++++ Raw data

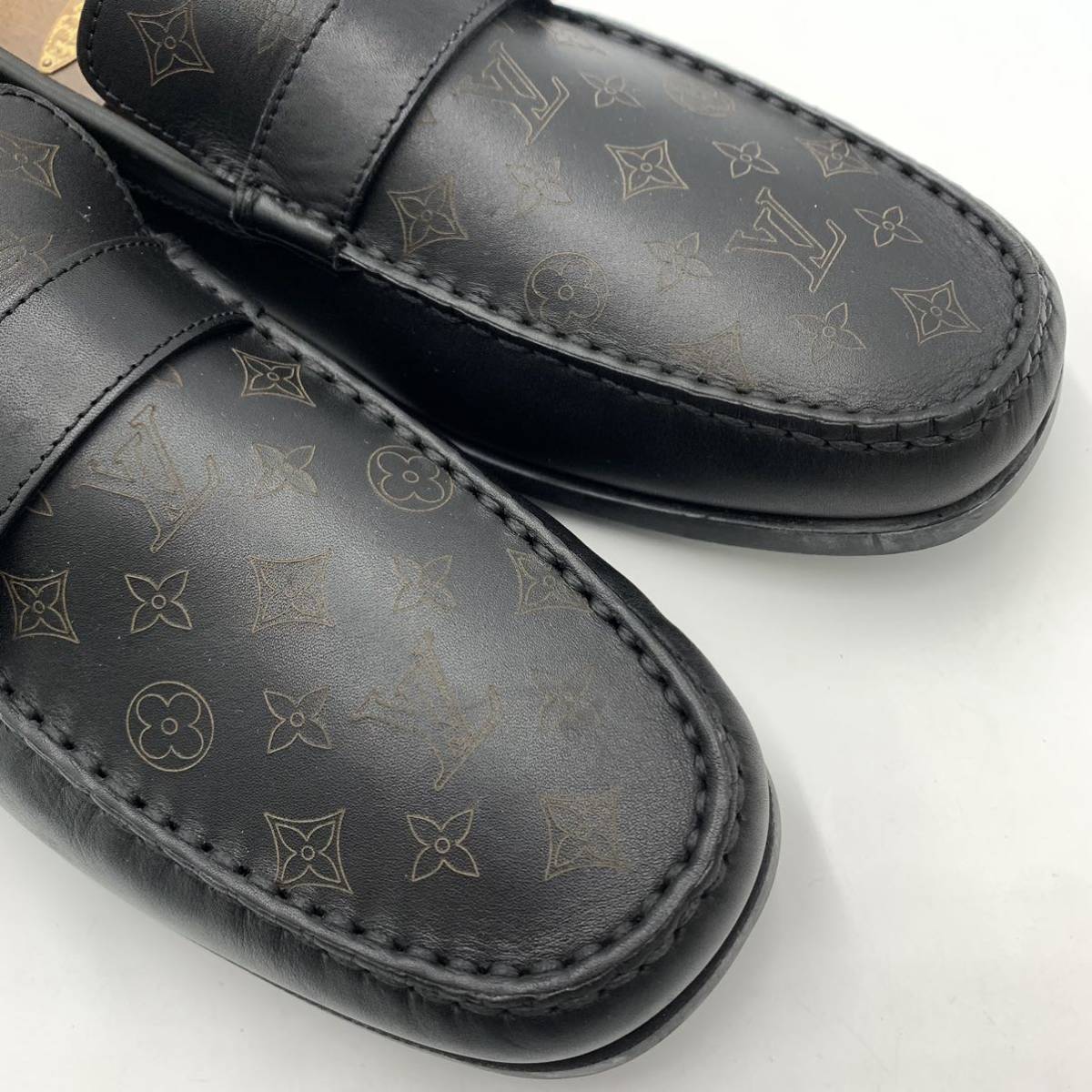 1円~☆美品/ 名作!!モノグラム柄 '高級紳士靴' Louis Vuitton ルイヴィトン FA0045 05年製 レザー ローファー 革靴 ドレスシューズ 10 伊製_画像7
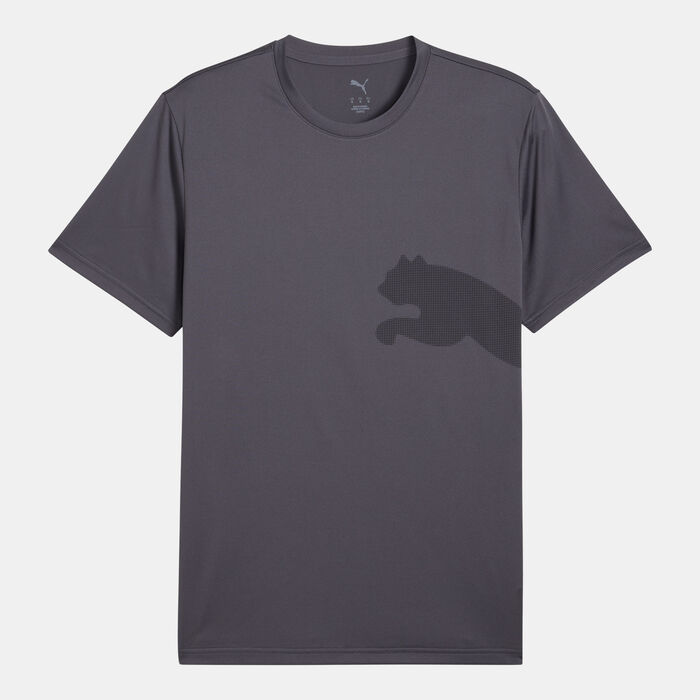 PUMA Men's Train All Day Big Logo T-Shirt Grey PUMA Men's Train All Day Big Logo T-Shirt Grey image number 0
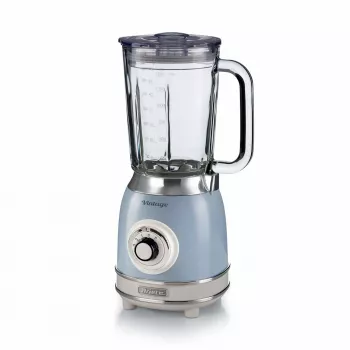 Ariete 583, misturadora Vintage com jarro de vidro de 1,5 litros, 4 lâminas de aço inoxidável, 4 velocidades + Pulse, 1000 Watt, azul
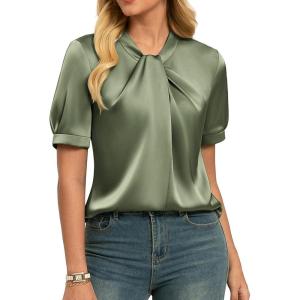 image:imageGRACE KARIN 2026 Women Satin Tops Short Sleeve Blouse Mock Neck Work Silk Shirts Business Casual OutfitsLight Green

++++++++

Word for word, retype all of the data above, but include no pictures.

● Task answer
 1円~☆美品/ 名作!!モノグラム柄 '高級紳士靴' Louis Vuitton ルイヴィトン FA0045 05年製 レザー ローファー 革靴 ドレスシューズ 10 伊製_画像7
 PUMA Men's Train All Day Big Logo T-Shirt Grey PUMA Men's Train All Day Big Logo T-Shirt Grey image number 0
 Ariete 583, misturadora Vintage com jarro de vidro de 1,5 litros, 4 lâminas de aço inoxidável, 4 velocidades + Pulse, 1000 Watt, azul
 image:imageGRACE KARIN 2026 Women Satin Tops Short Sleeve Blouse Mock Neck Work Silk Shirts Business Casual OutfitsLight Green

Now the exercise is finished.